The String table, usagedata_string, contains a single entry for each string representing in the what, kind, bundleId, bundleVersion, and description fields of a Record table.

You can use a join to denormalize the data. For example:

select 
    r.id, w.string as what, k.string as kind, 
    bi.string as bundleId, bv.string as bundleVersion, 
    d.string as description, from_unixtime(r.time/1000) as time 
  from 
    usagedata_record_monthly_200901 as r 
    join usagedata_string as w on (r.what=w.id) 
    join usagedata_string as k on (r.kind=k.id) 
    join usagedata_string as bi on (r.bundleId=bi.id) 
    join usagedata_string as bv on (r.bundleVersion=bv.id) join usagedata_string as d on (r.description=d.id) 
  limit 10;
+----+-----------+-------------+----------------------------------------+---------------------------+----------------------------------------+---------------------+
| id | what      | kind        | bundleId                               | bundleVersion             | description                            | time                |
+----+-----------+-------------+----------------------------------------+---------------------------+----------------------------------------+---------------------+
|  1 | activated | perspective | org.eclipse.jst.j2ee.ui                |                           | org.eclipse.jst.j2ee.J2EEPerspective   | 2008-10-16 12:59:38 | 
|  2 | started   | bundle      | org.eclipse.osgi                       | 3.4.2.R34x_v20080826-1230 | org.eclipse.osgi                       | 2008-10-16 12:59:38 | 
|  3 | started   | bundle      | org.eclipse.equinox.simpleconfigurator | 1.0.0.v20080604           | org.eclipse.equinox.simpleconfigurator | 2008-10-16 12:59:38 | 
|  4 | started   | bundle      | org.eclipse.core.contenttype           | 3.3.0.v20080604-1400      | org.eclipse.core.contenttype           | 2008-10-16 12:59:38 | 
|  5 | started   | bundle      | org.eclipse.core.databinding           | 1.1.1.M20080827-0800b     | org.eclipse.core.databinding           | 2008-10-16 12:59:38 | 
|  6 | started   | bundle      | org.eclipse.core.expressions           | 3.4.0.v20080603-2000      | org.eclipse.core.expressions           | 2008-10-16 12:59:38 | 
|  7 | started   | bundle      | org.eclipse.core.filebuffers           | 3.4.0.v20080603-2000      | org.eclipse.core.filebuffers           | 2008-10-16 12:59:38 | 
|  8 | started   | bundle      | org.eclipse.core.filesystem            | 1.2.0.v20080604-1400      | org.eclipse.core.filesystem            | 2008-10-16 12:59:38 | 
|  9 | started   | bundle      | org.eclipse.core.jobs                  | 3.4.0.v20080512           | org.eclipse.core.jobs                  | 2008-10-16 12:59:38 | 
| 10 | started   | bundle      | org.eclipse.core.net                   | 1.1.0.I20080604           | org.eclipse.core.net                   | 2008-10-16 12:59:38 | 
+----+-----------+-------------+----------------------------------------+---------------------------+----------------------------------------+---------------------+


Table Description

New strings are added to this table as they are encountered.

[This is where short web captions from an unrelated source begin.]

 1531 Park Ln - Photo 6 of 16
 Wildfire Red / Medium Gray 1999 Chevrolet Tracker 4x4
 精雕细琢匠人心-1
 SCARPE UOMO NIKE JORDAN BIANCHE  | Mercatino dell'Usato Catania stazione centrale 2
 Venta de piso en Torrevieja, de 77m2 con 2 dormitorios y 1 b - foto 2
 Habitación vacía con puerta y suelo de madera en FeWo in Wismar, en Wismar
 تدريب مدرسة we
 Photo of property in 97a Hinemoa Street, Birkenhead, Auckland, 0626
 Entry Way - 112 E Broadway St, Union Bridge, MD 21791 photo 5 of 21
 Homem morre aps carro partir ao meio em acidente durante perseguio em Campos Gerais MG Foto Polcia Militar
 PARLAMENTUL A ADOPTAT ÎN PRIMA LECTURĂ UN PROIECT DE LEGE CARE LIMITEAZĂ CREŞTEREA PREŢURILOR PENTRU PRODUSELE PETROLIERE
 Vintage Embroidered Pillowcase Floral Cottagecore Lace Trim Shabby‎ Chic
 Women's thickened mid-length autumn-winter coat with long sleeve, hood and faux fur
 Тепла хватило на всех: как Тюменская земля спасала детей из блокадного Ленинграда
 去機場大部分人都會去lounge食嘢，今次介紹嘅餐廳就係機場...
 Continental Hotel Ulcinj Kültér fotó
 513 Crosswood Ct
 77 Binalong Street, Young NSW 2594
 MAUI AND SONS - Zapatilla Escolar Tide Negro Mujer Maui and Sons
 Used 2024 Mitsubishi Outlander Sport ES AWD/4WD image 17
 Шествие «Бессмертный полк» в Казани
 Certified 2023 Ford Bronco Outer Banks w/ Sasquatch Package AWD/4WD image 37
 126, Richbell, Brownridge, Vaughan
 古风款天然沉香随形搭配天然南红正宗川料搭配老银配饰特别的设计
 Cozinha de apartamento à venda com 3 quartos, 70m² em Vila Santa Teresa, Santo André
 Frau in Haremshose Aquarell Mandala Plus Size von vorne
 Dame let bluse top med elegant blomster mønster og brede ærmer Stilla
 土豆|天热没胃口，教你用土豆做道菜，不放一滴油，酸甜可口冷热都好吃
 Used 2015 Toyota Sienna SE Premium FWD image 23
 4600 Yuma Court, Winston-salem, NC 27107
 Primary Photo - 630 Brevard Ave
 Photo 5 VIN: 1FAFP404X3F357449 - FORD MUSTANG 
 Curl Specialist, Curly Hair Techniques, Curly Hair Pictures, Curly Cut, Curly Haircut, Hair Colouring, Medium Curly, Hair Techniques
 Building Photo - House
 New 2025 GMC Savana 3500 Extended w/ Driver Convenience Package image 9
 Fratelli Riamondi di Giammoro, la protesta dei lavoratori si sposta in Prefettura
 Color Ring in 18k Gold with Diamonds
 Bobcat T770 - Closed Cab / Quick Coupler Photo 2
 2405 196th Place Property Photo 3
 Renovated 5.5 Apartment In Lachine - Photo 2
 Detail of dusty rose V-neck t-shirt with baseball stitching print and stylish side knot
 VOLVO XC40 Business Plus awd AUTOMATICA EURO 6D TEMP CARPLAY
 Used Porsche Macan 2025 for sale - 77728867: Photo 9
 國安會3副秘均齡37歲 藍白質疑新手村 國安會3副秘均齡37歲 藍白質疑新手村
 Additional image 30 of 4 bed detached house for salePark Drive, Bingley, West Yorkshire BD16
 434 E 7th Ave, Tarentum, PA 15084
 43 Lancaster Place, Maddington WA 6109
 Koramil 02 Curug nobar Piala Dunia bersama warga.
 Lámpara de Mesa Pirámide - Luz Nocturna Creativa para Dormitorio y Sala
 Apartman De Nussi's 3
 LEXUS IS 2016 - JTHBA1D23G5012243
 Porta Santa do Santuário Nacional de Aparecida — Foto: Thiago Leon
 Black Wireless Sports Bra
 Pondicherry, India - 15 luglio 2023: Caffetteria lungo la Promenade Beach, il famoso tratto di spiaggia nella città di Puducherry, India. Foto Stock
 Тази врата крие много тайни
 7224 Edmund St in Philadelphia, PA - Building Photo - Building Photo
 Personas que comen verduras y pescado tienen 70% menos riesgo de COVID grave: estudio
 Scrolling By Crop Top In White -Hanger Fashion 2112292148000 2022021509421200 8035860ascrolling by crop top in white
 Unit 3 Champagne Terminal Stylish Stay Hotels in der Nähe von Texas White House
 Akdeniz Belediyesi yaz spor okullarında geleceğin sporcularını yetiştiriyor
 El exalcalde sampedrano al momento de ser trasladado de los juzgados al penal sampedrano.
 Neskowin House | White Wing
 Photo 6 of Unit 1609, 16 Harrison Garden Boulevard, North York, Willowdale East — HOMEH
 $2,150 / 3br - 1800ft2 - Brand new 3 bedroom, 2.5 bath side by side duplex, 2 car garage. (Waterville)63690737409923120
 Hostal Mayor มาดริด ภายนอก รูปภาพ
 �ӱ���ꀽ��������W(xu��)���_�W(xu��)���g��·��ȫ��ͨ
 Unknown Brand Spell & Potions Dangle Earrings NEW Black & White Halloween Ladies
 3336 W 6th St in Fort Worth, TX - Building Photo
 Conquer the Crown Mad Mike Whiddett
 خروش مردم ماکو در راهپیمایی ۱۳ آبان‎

All entries in this table should be unique.

+--------+------------------+------+-----+---------+----------------+
| Field  | Type             | Null | Key | Default | Extra          |
+--------+------------------+------+-----+---------+----------------+
| id     | int(10) unsigned | NO   | PRI | NULL    | auto_increment | 
| string | varchar(256)     | NO   | MUL |         |                | 
+--------+------------------+------+-----+---------+----------------+

Example

+----+-----------------------------+
| id | string                      |
+----+-----------------------------+
|  1 |                             | 
|  2 | deactivated                 | 
|  3 | workbench                   | 
|  4 | org.eclipse.ui.workbench    | 
|  5 | 3.4.0.I20080205-0010        | 
|  6 | activated                   | 
|  7 | closed                      | 
|  8 | started                     | 
|  9 | bundle                      | 
| 10 | org.eclipse.core.filesystem | 
+----+-----------------------------+